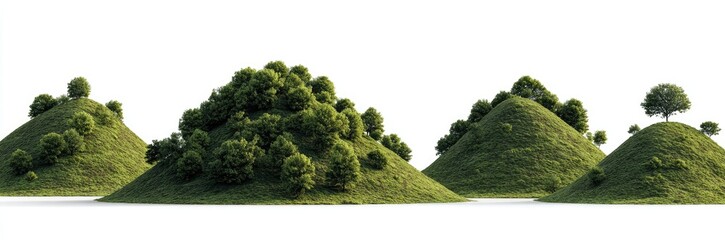 Obraz premium Three grassy hills with trees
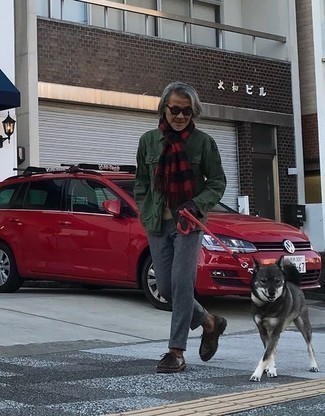 С чем носить красный шарф в клетку мужчине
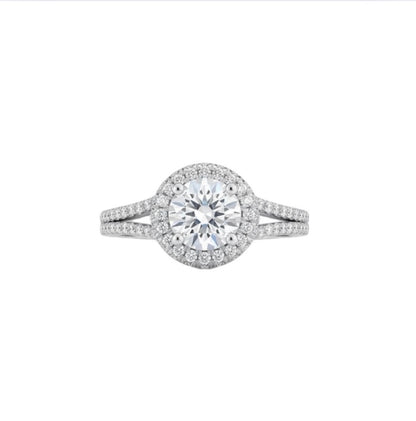 Round Cut Halo Engagement Promise Rings - Cheap & Affordable - Queen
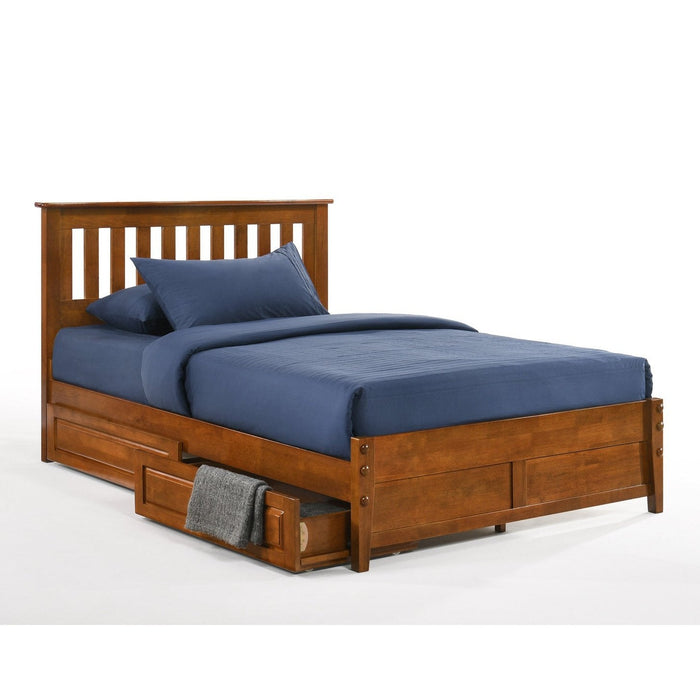 Night and Day Furniture - Dual System Rosemary Bed, All Sizes in Chery, Chocolate, Natural, Stonewash, & White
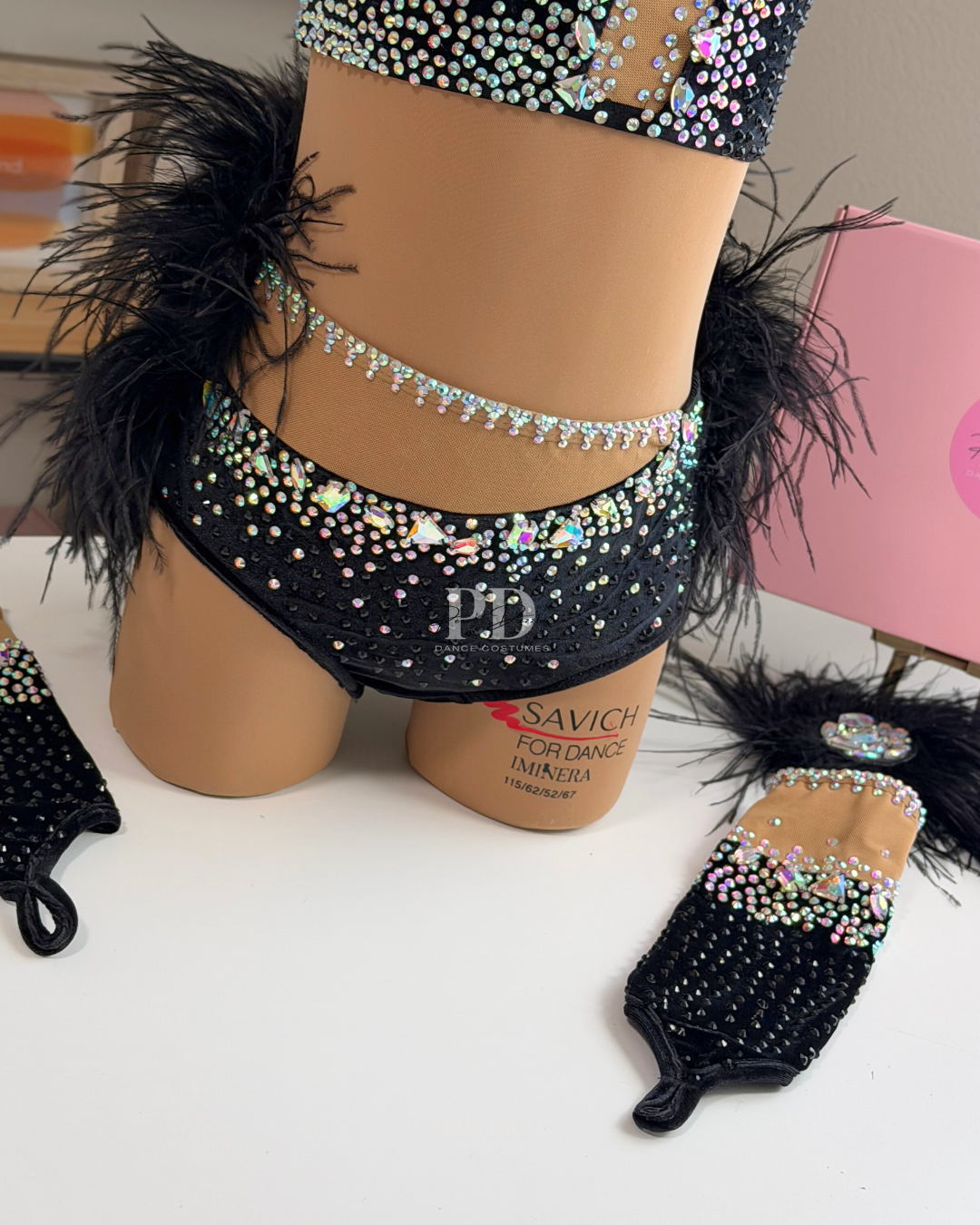 Ready to ship -CM/CL(7-9Y)-Black Diamond Feather Jazz Costume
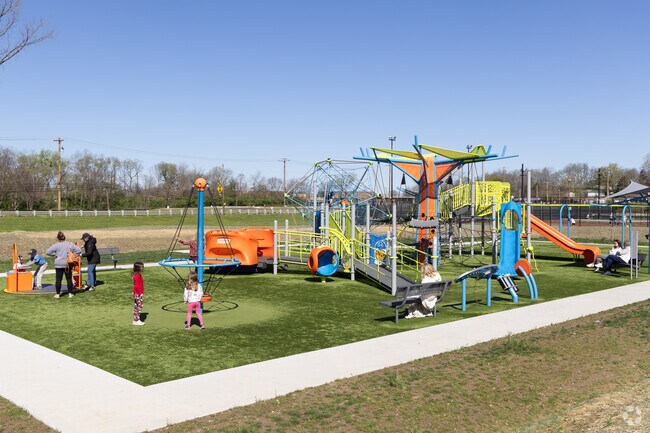 Children have plenty of room to run and climb at Franklin's Lions Club Municipal Park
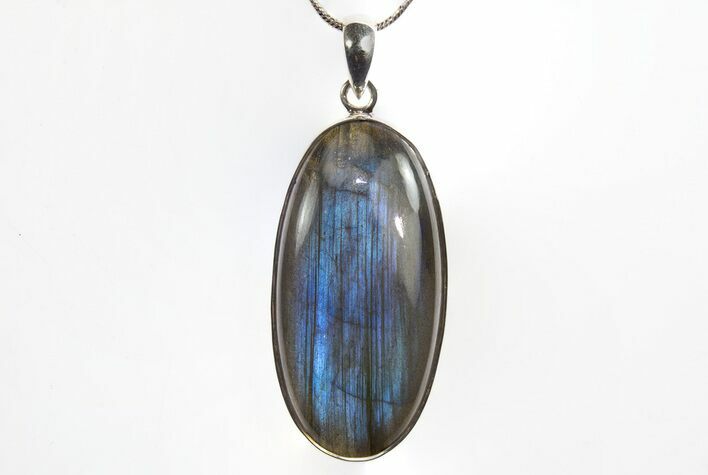 Brilliant Blue Labradorite Pendant with Chain #317619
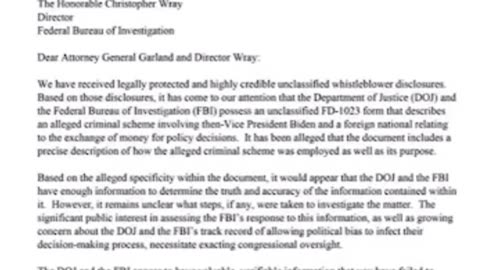 Letter RE: WhistleBlower from Grassley & Comer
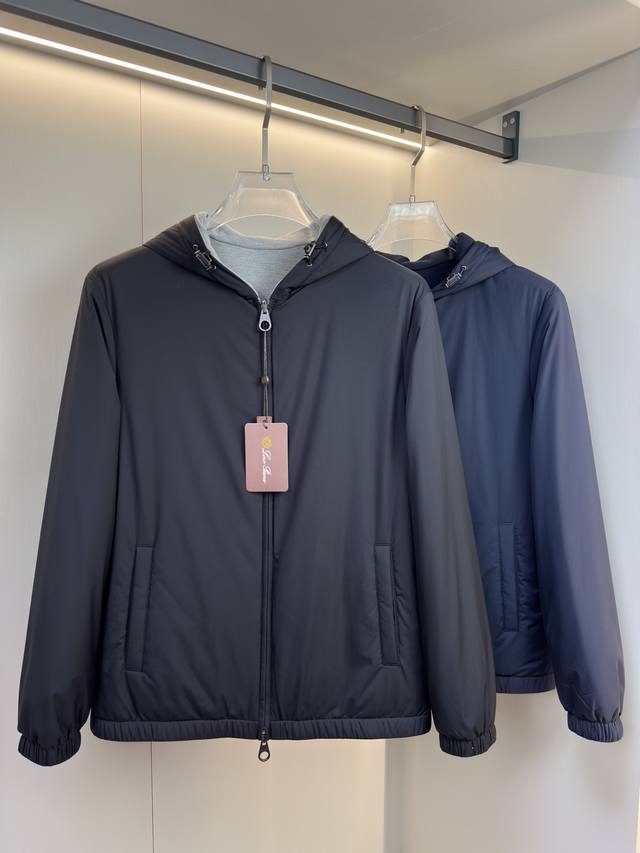 Loro Piana 2025 New Hooded Reversible Jacket This Loro Piana stand-collar jacket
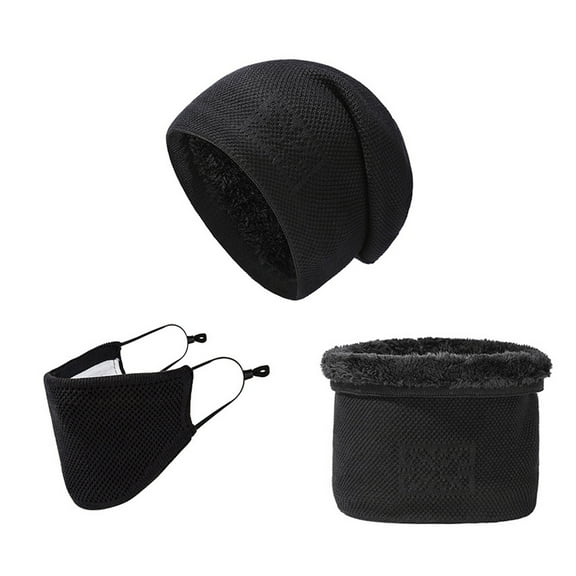 Prolriy Beanies Hats Men and Women Winter Knit Warm Hats Scarf Dual Purposehat Ear Screen Hat Facecover Three Piece Winter Hats for Women Black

● ● ● ●

**TASK TO CARRY OUT:** Give again the lines from the line that contains "Round Cut Halo" through the last line of the material above, exactly and with both ends included. Omit the pictures.

**TASK OUTPUT:**
 Round Cut Halo Engagement Promise Rings - Cheap & Affordable - Queen
 Night and Day Furniture - Dual System Rosemary Bed, All Sizes in Chery, Chocolate, Natural, Stonewash, & White
 Ready to ship -CM/CL(7-9Y)-Black Diamond Feather Jazz Costume
 Children have plenty of room to run and climb at Franklin's Lions Club Municipal Park
 Brilliant Blue Labradorite Pendant with Chain #317619
 Letter RE: WhistleBlower from Grassley & Comer
 Loro Piana 2025 New Hooded Reversible Jacket This Loro Piana stand-collar jacket
 Prolriy Beanies Hats Men and Women Winter Knit Warm Hats Scarf Dual Purposehat Ear Screen Hat Facecover Three Piece Winter Hats for Women Black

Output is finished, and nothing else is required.